Task objective.
Transcribe every record exactly as it appears.

Data.
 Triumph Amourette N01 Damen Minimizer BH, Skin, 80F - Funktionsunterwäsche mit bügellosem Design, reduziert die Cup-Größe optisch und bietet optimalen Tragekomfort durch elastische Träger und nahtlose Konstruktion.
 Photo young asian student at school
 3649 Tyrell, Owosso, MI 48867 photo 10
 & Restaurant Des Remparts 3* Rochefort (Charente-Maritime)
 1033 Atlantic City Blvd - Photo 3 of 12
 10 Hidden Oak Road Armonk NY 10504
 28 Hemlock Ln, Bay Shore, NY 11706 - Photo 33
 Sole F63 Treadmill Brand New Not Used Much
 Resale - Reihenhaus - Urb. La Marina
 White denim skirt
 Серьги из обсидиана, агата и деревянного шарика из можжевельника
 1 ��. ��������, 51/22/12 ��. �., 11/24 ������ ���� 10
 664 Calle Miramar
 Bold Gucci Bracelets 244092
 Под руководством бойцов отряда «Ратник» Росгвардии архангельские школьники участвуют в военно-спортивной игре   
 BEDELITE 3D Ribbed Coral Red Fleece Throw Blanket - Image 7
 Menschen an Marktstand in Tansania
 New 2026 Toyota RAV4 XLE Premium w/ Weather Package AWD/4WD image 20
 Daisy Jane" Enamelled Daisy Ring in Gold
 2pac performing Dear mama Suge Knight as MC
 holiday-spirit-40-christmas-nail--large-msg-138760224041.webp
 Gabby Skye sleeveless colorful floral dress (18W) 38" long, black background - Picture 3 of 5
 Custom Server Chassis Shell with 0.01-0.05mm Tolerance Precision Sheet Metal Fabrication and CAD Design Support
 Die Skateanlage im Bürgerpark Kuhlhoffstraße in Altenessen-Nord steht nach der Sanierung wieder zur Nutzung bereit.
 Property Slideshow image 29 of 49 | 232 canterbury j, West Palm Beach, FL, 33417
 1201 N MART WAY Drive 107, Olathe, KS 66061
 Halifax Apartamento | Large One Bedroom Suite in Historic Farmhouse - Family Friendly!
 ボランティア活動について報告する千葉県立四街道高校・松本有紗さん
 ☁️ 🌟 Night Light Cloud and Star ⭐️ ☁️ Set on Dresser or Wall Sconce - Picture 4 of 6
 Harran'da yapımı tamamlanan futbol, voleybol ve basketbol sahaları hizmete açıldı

Exercise result.
 Triumph Amourette N01 Damen Minimizer BH, Skin, 80F - Funktionsunterwäsche mit bügellosem Design, reduziert die Cup-Größe optisch und bietet optimalen Tragekomfort durch elastische Träger und nahtlose Konstruktion.
 Photo young asian student at school
 3649 Tyrell, Owosso, MI 48867 photo 10
 & Restaurant Des Remparts 3* Rochefort (Charente-Maritime)
 1033 Atlantic City Blvd - Photo 3 of 12
 10 Hidden Oak Road Armonk NY 10504
 28 Hemlock Ln, Bay Shore, NY 11706 - Photo 33
 Sole F63 Treadmill Brand New Not Used Much
 Resale - Reihenhaus - Urb. La Marina
 White denim skirt
 Серьги из обсидиана, агата и деревянного шарика из можжевельника
 1 ��. ��������, 51/22/12 ��. �., 11/24 ������ ���� 10
 664 Calle Miramar
 Bold Gucci Bracelets 244092
 Под руководством бойцов отряда «Ратник» Росгвардии архангельские школьники участвуют в военно-спортивной игре   
 BEDELITE 3D Ribbed Coral Red Fleece Throw Blanket - Image 7
 Menschen an Marktstand in Tansania
 New 2026 Toyota RAV4 XLE Premium w/ Weather Package AWD/4WD image 20
 Daisy Jane" Enamelled Daisy Ring in Gold
 2pac performing Dear mama Suge Knight as MC
 holiday-spirit-40-christmas-nail--large-msg-138760224041.webp
 Gabby Skye sleeveless colorful floral dress (18W) 38" long, black background - Picture 3 of 5
 Custom Server Chassis Shell with 0.01-0.05mm Tolerance Precision Sheet Metal Fabrication and CAD Design Support
 Die Skateanlage im Bürgerpark Kuhlhoffstraße in Altenessen-Nord steht nach der Sanierung wieder zur Nutzung bereit.
 Property Slideshow image 29 of 49 | 232 canterbury j, West Palm Beach, FL, 33417
 1201 N MART WAY Drive 107, Olathe, KS 66061
 Halifax Apartamento | Large One Bedroom Suite in Historic Farmhouse - Family Friendly!
 ボランティア活動について報告する千葉県立四街道高校・松本有紗さん
 ☁️ 🌟 Night Light Cloud and Star ⭐️ ☁️ Set on Dresser or Wall Sconce - Picture 4 of 6
 Harran'da yapımı tamamlanan futbol, voleybol ve basketbol sahaları hizmete açıldı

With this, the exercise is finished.